Filter out every line below that lacks "Detached", and copy the rest.

· · · · · · ·

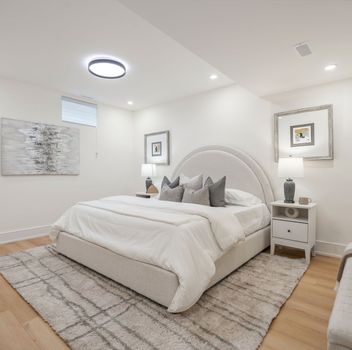 Residential 14 Ranwood Drive Toronto For {
  "id": "W12244425-VOW",
  "Restricted": 0,
  "Active": 1,
  "Sold": 0,
  "Acreage": null,
  "Address": "14 Ranwood Drive",
  "AirConditioning": "Central Air",
  "ApproxAge": "",
  "ApproxSquareFootage": "3000-3500",
  "Area": "Toronto",
  "AreaCode": "",
  "Basement": "Separate Entrance, Finished",
  "Bedrooms": 5,
  "BedroomsPlus": 1,
  "Blob": "apostrophemlsphoto",
  "BuildingAmenities": "",
  "BuildingAreaTotal": "",
  "BuildingAreaUnits": "",
  "BuildingInsuranceIncluded": null,
  "Board": "Toronto Regional Real Estate Board",
  "ClassSearch": "Residential",
  "CentralVac": "True",
  "ClosedDate": "0001-01-01T00:00:00Z",
  "CoListAgentEmail": null,
  "CoListAgentID": "",
  "CoListAgentName": "",
  "CoListAgentDesignation": null,
  "CoListAgentPhone": "",
  "CoListOfficeID": null,
  "CoListOfficeName": "",
  "CommercialCondoFees": 0,
  "Community": "Humberlea-Pelmo Park W4",
  "CommunityCode": null,
  "Condition": "",
  "ConditionalExpirydate": "0001-01-01T00:00:00Z",
  "ContractDate": "2025-06-25",
  "DaysOnMarket": 0,
  "DirectionsCrossStreets": "WESTON ROAD/GARY DRIVE",
  "DisplayAddressOninternet": "True",
  "DistributeToInternetPortals": "True",
  "Elevator": "",
  "Extras": "",
  "ExpiryDate": "2025-10-25T00:00:00Z",
  "FireplaceStove": "True",
  "Furnished": "",
  "GarageSpaces": 2,
  "GarageType": "Built-In",
  "HeatType": "Forced Air",
  "HeatSource": "Gas",
  "IDX": "Y",
  "Kitchens": 2,
  "KitchensPlus": 1,
  "Latitude": 43.708655,
  "LastStatus": "New",
  "Lease": "",
  "LeaseFrequency": "",
  "LeaseTerm": "",
  "Level": null,
  "ListAgentEmail": null,
  "ListAgentID": "9569639",
  "ListAgentName": "SABRINA ASHOORI, Salesperson",
  "ListAgentDesignation": null,
  "ListAgentPhone": "",
  "ListBrokerage": "ROYAL LEPAGE YOUR COMMUNITY REALTY",
  "ListOfficeID": "087000",
  "ListOfficePhone": "",
  "ListAOR": null,
  "ListingEntryDate": "2025-06-25T15:33:19Z",
  "ListPrice": 3488000,
  "Longitude": -79.518868,
  "LotDepth": 125,
  "LotFront": 50,
  "LotSizeCode": "Feet",
  "MLS": "W12244425",
  "MLSNumber": "W12244425",
  "MLSStatus": "A",
  "MLSLastStatus": "New",
  "MoveInDate": "",
  "Municipality": "Toronto",
  "MunicipalityCode": "",
  "MunicipalityDistrict": "Toronto W04",
  "OpenHouseDate1": "0001-01-01T00:00:00Z",
  "OpenHouseDate2": "0001-01-01T00:00:00Z",
  "OpenHouseDate3": "0001-01-01T00:00:00Z",
  "OpenHouseFrom1": null,
  "OpenHouseFrom2": null,
  "OpenHouseFrom3": null,
  "OpenHouseTo1": null,
  "OpenHouseTo2": null,
  "OpenHouseTo3": null,
  "OriginalPrice": 3488000,
  "ParkingSpaces": 4,
  "PetsPermitted": "",
  "PhotoCount": 51,
  "Pool": "None",
  "PostalCode": "M9N 3E9",
  "PropertyType": "Residential",
  "PropertyTypeSearch": "Residential",
  "PropertySubType": "Detached",
  "PropertySubTypeSearch": "Single Family",
  "PropertyStyleSearch": "2 Storey",
  "Province": "ON",
  "RemarksForClients": "One of a kind Custom-Built Modern Masterpiece on a Premium Lot! This architectural gem redefines luxury living, offering an impressive blend of style, comfort,and function. Boasting 9 ft ceilings and rich hardwood flooring throughout, this residence features oversized solid-core wood doors, modern baseboards, LED lighting, pot lights, gorgeous slab walls and built-in surround sound for an elevated living experience.The heart of the home is the custom gourmet kitchen, complete with smart appliances, quartz countertops, a concealed walk-in butlers pantry perfect for entertaining. A floating staircase anchors the open-concept layout, and a main-floor office adds function and flexibility.Upstairs, youll find 5 generously sized bedrooms, each with own bathroom access, offering comfort and privacy for the entire family. The fully finished in-law suite includes a full kitchen, separate entrance, and endless possibilities for extended family or income potential.Outside, enjoy a professionally landscaped lot with an irrigation system and thousands of square feet of interlock. A truly rare offering too many features to list!",
  "Retirement": "0",
  "SaleLease": "Sale",
  "SoldDate": "0001-01-01T00:00:00Z",
  "SoldPrice": "",
  "Sewers": "Sewer",
  "Source": "VOW",
  "SPLP": 0,
  "SqFtTotal": null,
  "SqFtRangeMin": 3000,
  "SqFtRangeMax": 3500,
  "Status": "A",
  "StreetNumber": "14",
  "StreetAbbreviation": "Drive",
  "StreetDirection": "",
  "StreetName": "Ranwood",
  "Style": "2-Storey",
  "SuspendedDate": "0001-01-01T00:00:00Z",
  "Taxes": 0,
  "TaxYear": "2025",
  "TerminatedDate": "0001-01-01T00:00:00Z",
  "TimestampSql": "2025-06-27T22:23:40Z",
  "TotalArea": "0",
  "TotalParkingSpaces": 6,
  "Type": "Detached",
  "TypeSearch": "Detached",
  "UnitNumber": "",
  "VirtualTourURL": "https://media.tre.media/videos/0197a2cf-2f2c-736f-b8ef-4457fb2b386d",
  "Washrooms": 6,
  "Water": null,
  "Waterfront": "",
  "WaterIncluded": "",
  "YearBuilt": null,
  "Zoning": "",
  "Geometry": "43.708655,-79.518868",
  "RTimestampSql": "2025-06-27T22:55:13Z"
}.(string)property[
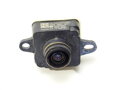 KAMERA CÚVACIA JEEP RENEGADE SUV (BU, B1, BV) 2014 - 2022 00520591890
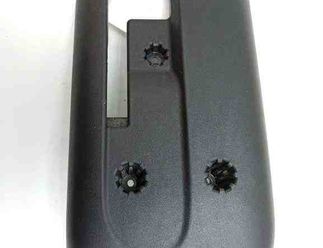 VOLVO XC60 1 generation (2008-2017) Stūres rata apdare 39863488,1281971 32703338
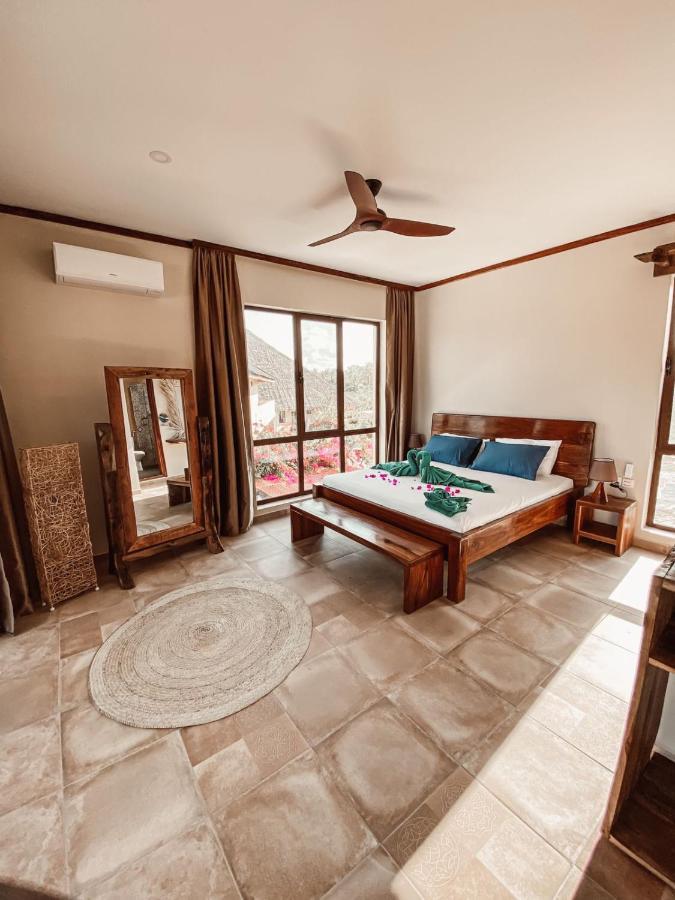 Blu Boutique Hotel 4*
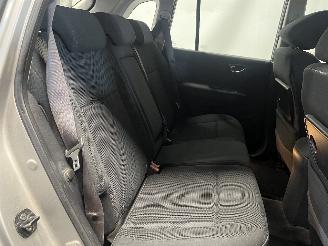 Renault Koleos Koleos I SUV 2.5 16V (2TR-702) [126kW]  (09-2008/06-2017) picture 16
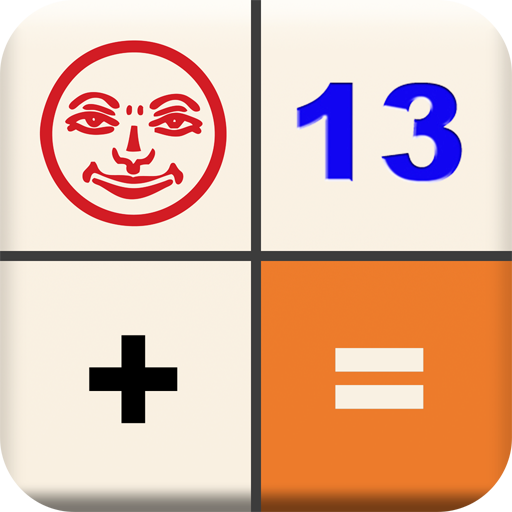 Rummikub Score Timer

· · · · · · ·

ANSWER TO THE EXERCISE:
  "PropertySubType": "Detached",
  "Type": "Detached",
  "TypeSearch": "Detached",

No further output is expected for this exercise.